The event took place April 23 in New York City's Bleecker Street Theatre, one week before new revelations that, just across the Hudson River, Newark's Archbishop John J. Myers allowed a priest who admitted to groping a 14-year-old boy to attend youth retreats, travel with a youth group on a pilgrimage to Canada and hear the confessions of minors.

In addition to Anderson, the panel, moderated by D'Antonio, included some of the biggest names in advocacy against child sexual abuse, all of whom figure prominently in Mortal Sins: canon lawyer Fr. Thomas Doyle, psychotherapist Richard Sipe, former priest Patrick Wall, and Barbara Blaine, founder and president of the Survivors Network of those Abused by Priests.

Much of the conversation among the five panelists focused on why these abuses continue to persist given that in the past decade, the institution has suffered severely negative press, a mass exodus of followers, and more than $3 billion in settlements worldwide.

D'Antonio traces the root of the problem to the church's unusual relationship to spiritual and political power, which he said began in 1870, when the pope was given a new form of authority called infallibility. Then, 60 years later, the Vatican's civil status was defined in a concordat signed by then-Prime Minister Benito Mussolini.

"Catholicism became the only religion in the world with the status of a country, ruled by a churchman who was also a monarch," D'Antonio explains in Mortal Sins.  For Doyle, it's the church's monarchical structure that has made the global sex abuse cover-up possible. "In the office of pope, there is the power to demand complete obedience and to require secrecy in order to preserve that power."
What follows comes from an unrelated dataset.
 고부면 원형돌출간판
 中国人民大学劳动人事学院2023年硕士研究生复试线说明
Anderson said the obedience requirement has resulted in the "absolute exclusion of critical thinking" among the clergy, who are threatened with "the loss of pay, power and pension" if they refuse to obey.

"I have a deep respect for church as the body of Christ, but no respect left for the institution, the pope or the bishops," Doyle said. "There is corruption from the top down."  .   .  .  . What changed me was meeting the victims of sex abuse and their mothers and fathers," Doyle told the panel audience.
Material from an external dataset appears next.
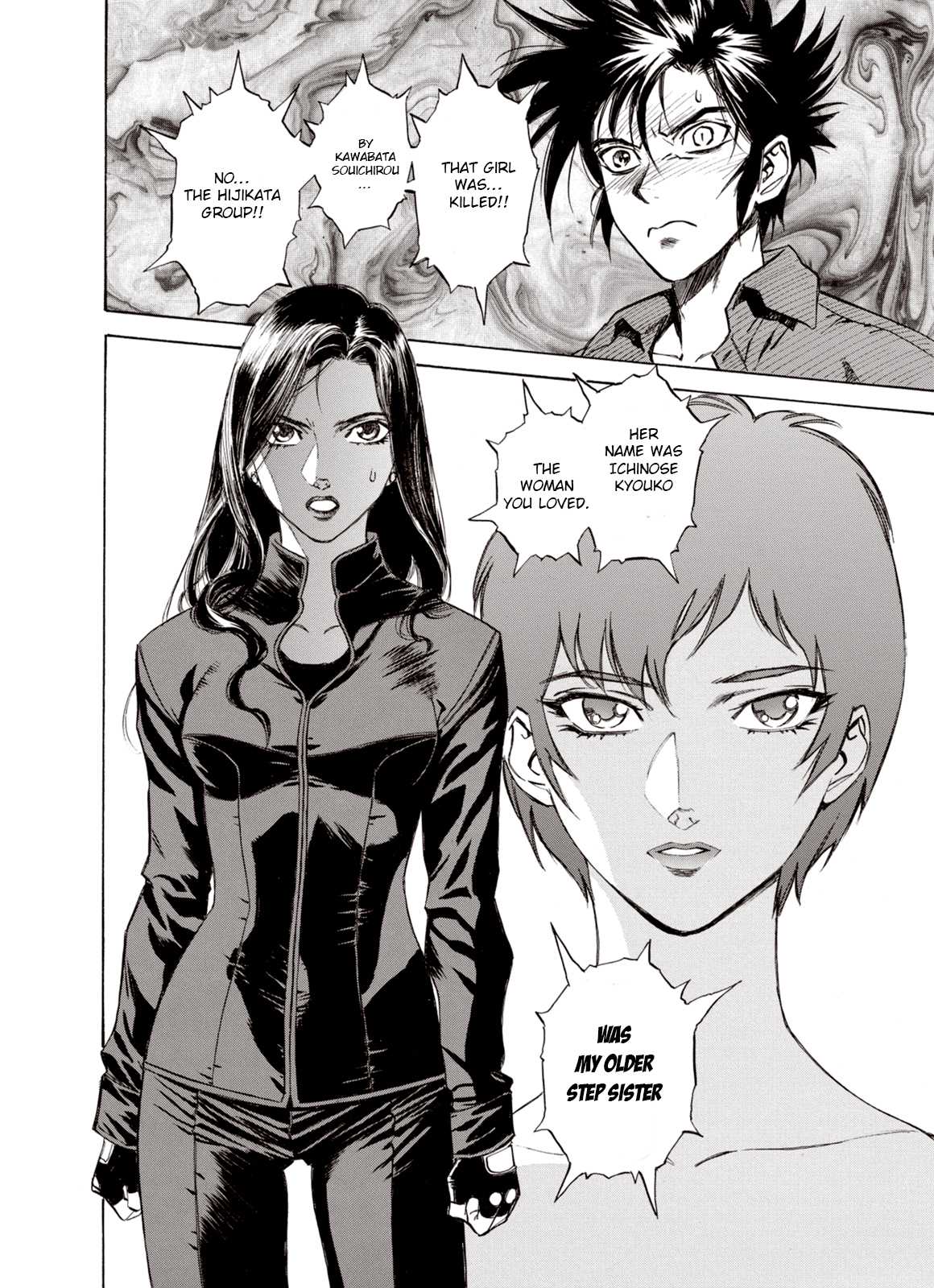 Kouya ni Kemono Doukokusu Chapter 10 - Page 25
Like Doyle, Sipe trusted the institutional church would eventually fix this crisis, and he, too, said the cover-ups "reach the highest corridors of the Vatican."

"We will not see radical change under this pope or any other pope unless there is a change in the system that says the pope and cardinals are above everyone because God made them that way," Doyle said. "The men at the top need to be fired."  "We must demand and require legally and culturally that the Vatican disgorge itself of its secrets and that they obey civil laws," he said.
There's more to the article, but readers can see where it is going.  I remain of the view that until more Catholics simply walk away, the powers that be in the hierarchy will see no reason to change.   Until the hierarchy's power, money and undeserved privilege is seriously threatened, there will be no change.  Meanwhile, members of the laity who continue to drop checks in the collection basket help finance the criminal enterprise.